I'm not sure what a regular front suspension unit is on a non-tilting tadpole trike let alone a tilting one. Suspending tadpole front wheels is difficult at best and going to make matters worse at worst. You can utilise sliding kingpins like this...
Or if you feel adventurous like this..
This has the advantage of simplicity but the drawback of slop in the fixing of the wheel with the simpler of the systems as very few joint systems are designed to slide in that manner. You need a strong sliding component to take the stress. The worry is the wheel juddering under stress. If you go this way then have the axle above the chassis as the top picture. Placing it under means the exposed non supported kingpin to axle mount length length is at a maximum meaning extra stress. Above, as per the picture, keeps the extended part of the kingpin in the lower stress role of suspension tie-in only. Suspension sag will eliminate some of that advantage but not all by any means.
There is what may be termed standard wishbone suspension.
Advantages are good control of the wheels and can be designed to have no bump steer. Disadvantages are extra fabrication and needs planning to clear heels and chain runs etc.
Then there's Macpherson strut.
Advantage is good control. Downsides are weight and strain on chassis design. Note the size of the chassis to the top of the strut.
One of the best front suspension systems IMO is composite leaf.
Simple and elegant. Difficult to get the correct rate without trial and error.

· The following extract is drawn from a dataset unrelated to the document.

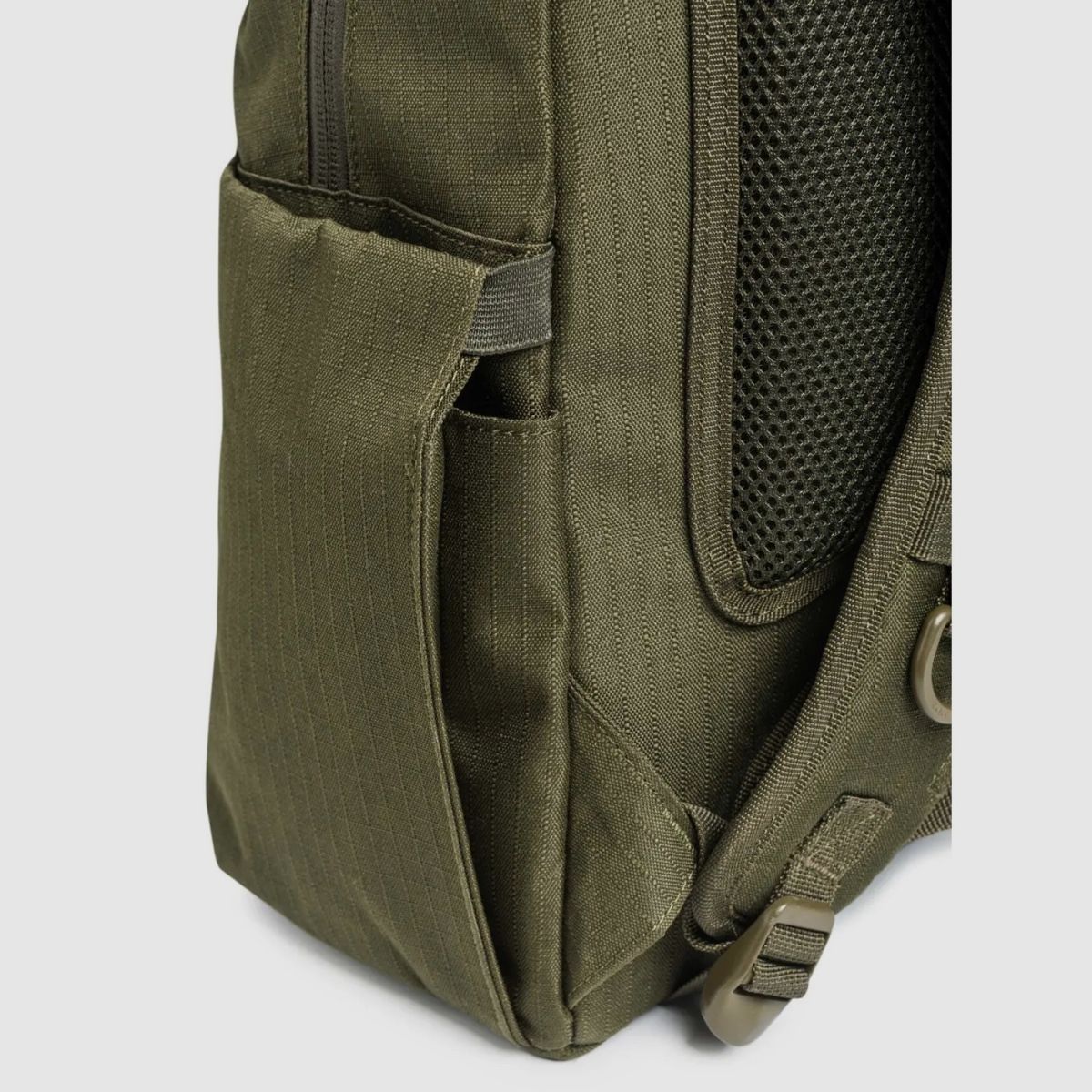 BERETTA GameKeeper EVO Rucksack 18 L Moosgrün & Ebenholz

One of the big downsides to any suspension is the steering arms. The arms have to move to accommodate the wheel movement. This ideally needs a pivot in the steering arm in direct alignment with the pivot of the suspension so as to not lengthen or shorten the arm length required as the wheel moves. This generally means lots of linkages so complex and expensive. Failure to do this leads to bump steer. This starts to get awkward to plan and build on a non-tilter. Add tilting into the equation and your list of design necessities gets longer. You find a solution to the problem only to find you then have no acceptable route for the chain or similarly two components wanting the same space under differing conditions (a steering draglink is particularly an issue of wanting space it can't have). It also means the rod ends need a LOT of extra articulation to accommodate all this extra movement. Running out of a rod end's movement arc is going to end in disaster. I had to utilise special spacers to maximise rod end articulation. It can be done but you need to plan carefully and/or have an ability to envisage the whole system in your head as it moves.

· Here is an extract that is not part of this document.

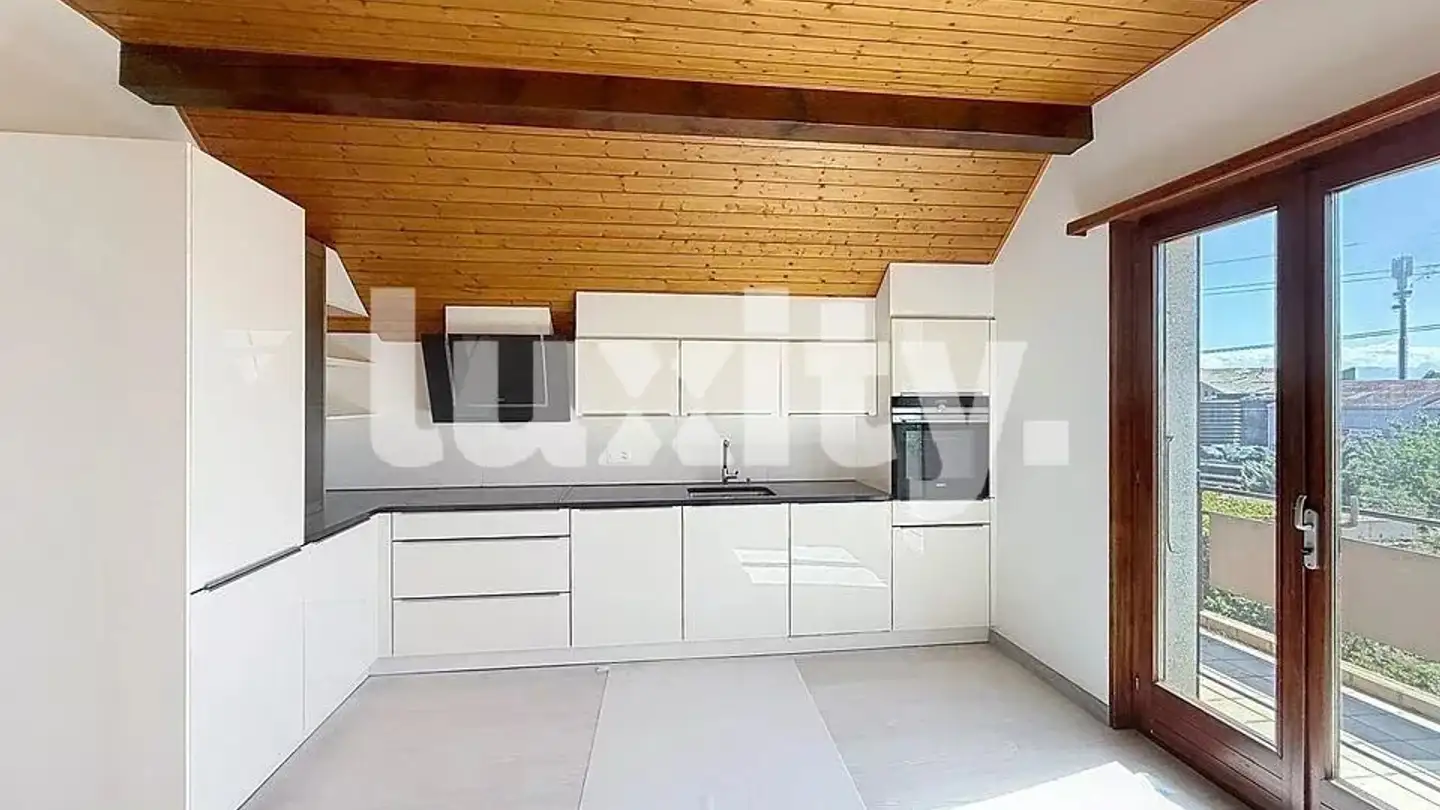 Apartment for rent - 1196 Gland - Photo 4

Another drawback of any type of front suspension on a non-tilter is it encourages the trike to lean out in a turn so keeping the suspension movement small is desirable. Tilters do not suffer this issue. Pretty much any suspension system can be utilised with a tilter but expect issues to arise with regard to everything moving as it needs to. Use rod ends with thin casings and alignment spacers to maximise articulation and unless you can overcome every design issue to get perfect geometry at all lean angles and steering inputs expect performance to suffer due to those compromises. It was the compromises that cost my mk2 tilter it's place and it has since been recycled as a result. The non-suspended mk3 is a vastly better machine.